Consider a finite dataset {\(x_{ij}\)}, \(i=1,\ldots,N\), \(j=1,\ldots,M\) that contains \(M\) variables (or features) for \(N\) independent observations (or samples). Given a number \(K\) (a positive integer) for clustering, a clustering method partitions the dataset into \(K\) clusters. Each cluster is denoted as \(C_k\), \(k=1,\ldots,K\). Inspired by biological concepts, each cluster is treated as a subpopulation and the bootstrapped samples as progenies from that subpopulation. The uniqueness of Progeny Sampling during the bootstrapping step is that it randomly samples feature values with replacement to construct new samples rather than directly sampling existing samples. Let \(\tilde{N}\) be the number of progenies we generate from each cluster \(C_k\). Combining these progenies, we have a validation dataset {\(y_{ij}^{\left(k\right)}\)}, \(i=1,\ldots,\tilde{N}\), \(j=1,\ldots,M\), \(k=1,\ldots,K\), containing \(K\times \tilde{N}\) observations with \(M\) features. Using the same number \(K\) and the same method for clustering, we partition the progenies {\(y_{ij}^{\left(k\right)}\)} into \(K\) progeny clusters, denoted by \(C'_k\), \(k=1,\ldots,K\). A symmetric co-occurrence matrix \(Q\) records the clustering memberships of each progeny as follows:

\[Q_{ab}= \begin{cases} 1, & \text{if the $a^{th}$ progeny and the $b^{th}$ progeny are in the same cluster $C'_k$} \\ 0, & \text{otherwise} \end{cases}\label{eq:a1} . \tag{1}\] The progenies in \(Q\) were ordered by the initial cluster (\(C_k\)) they were generated from, such that \(Q_a,\ldots,Q_{a+\tilde{N}}\in C_k\), \(a=\left(k-1\right)\tilde{N}\). After repeating the above process (from generating Progenies to obtaining \(Q\)) \(R\) times, we can get a series of co-occurrence matrices \(Q^{\left(r\right)}\), \(r=1,\ldots,R\). Averaging \(Q^{\left(r\right)}\) results in a stability probability matrix \(P\), i.e. 

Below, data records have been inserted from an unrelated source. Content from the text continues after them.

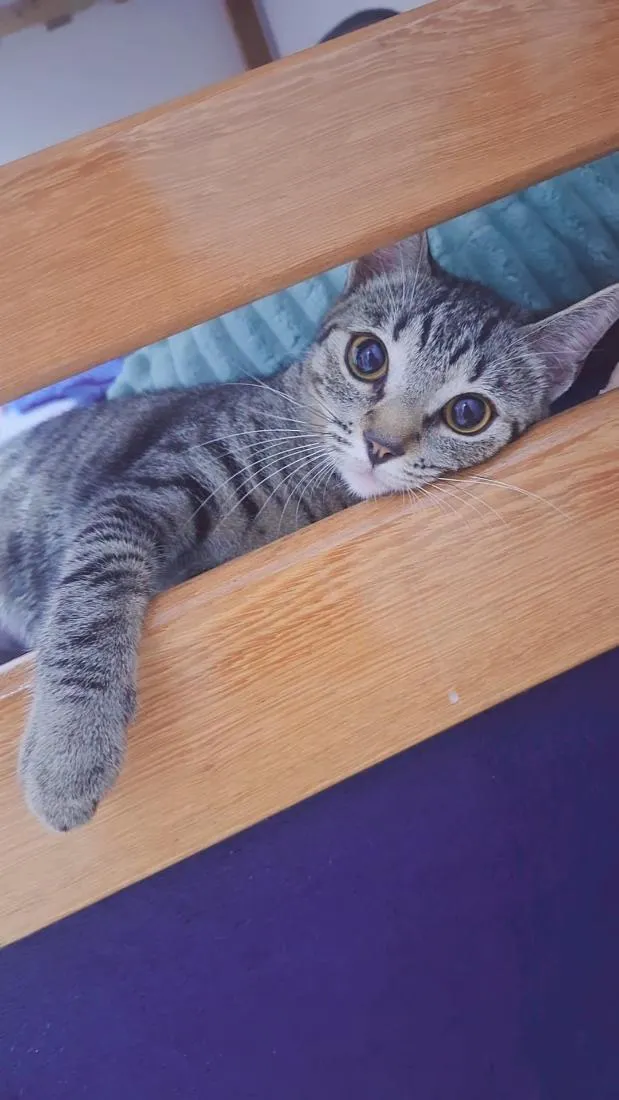 Gato raça SRD-ViraLata idade 2 anos nome juninha 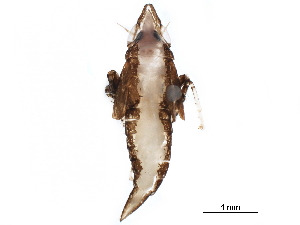  ( - BIOUG07956-A09)  @11 [ ] CreativeCommons - Attribution (2017) CBG Photography Group Centre for Biodiversity Genomics
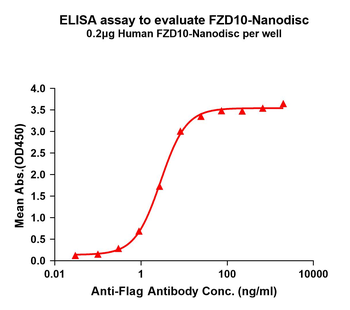 Human FZD10 full length protein-synthetic nanodisc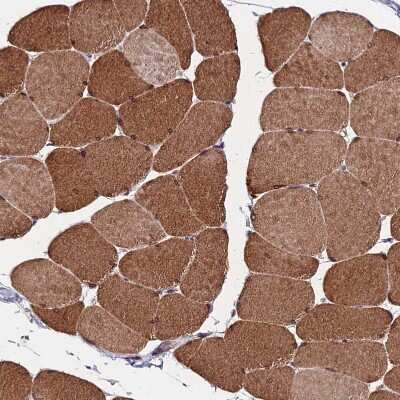 Immunohistochemistry-Paraffin: CDNF Antibody [NBP1-88994]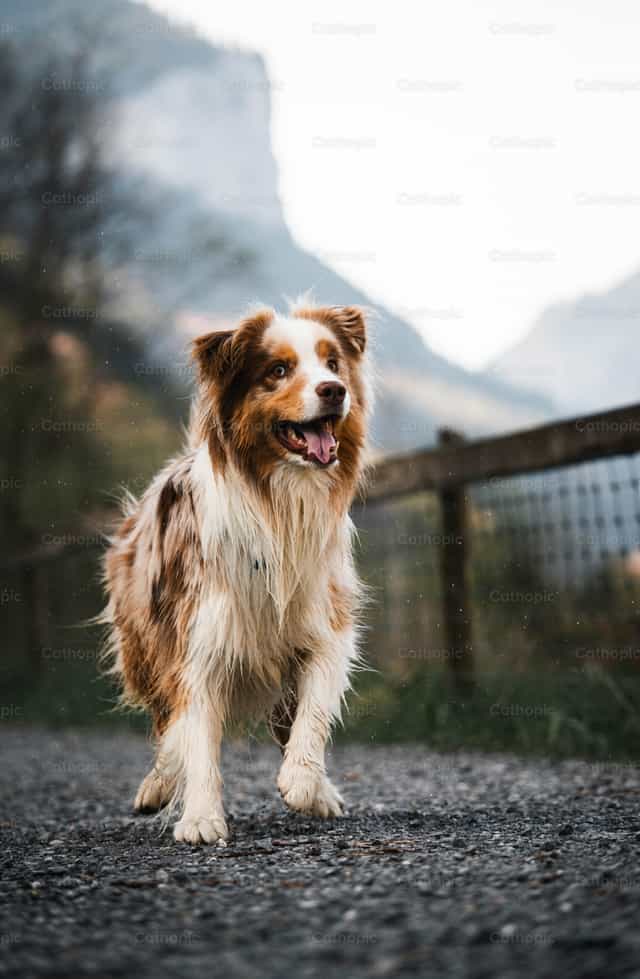Perro feliz - Banco de imágenes católicas - Fotografía por Santiago de la Hoz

\[\label{eq:002} P_{ab}=\sum_r Q^{\left(r\right)}_{ab}/R . \tag{2}\]

From this probability matrix \(P\), we compute the stability score for clustering the dataset {\(x_{ij}\)} into \(K\) clusters as

\[\label{eq:003} S= \frac{\displaystyle \sum_k \sum_{a, b \in C_k, b\neq a} P_{ab}/\left(\tilde{N}-1\right)} {\displaystyle \sum_k \sum_{a \in C_k, b \notin C_k} P_{ab}/\left(K\tilde{N}-\tilde{N}\right)} . \tag{3}\]

A schematic for this process and the pseudocode are shown in Figure 1 and Figure 2.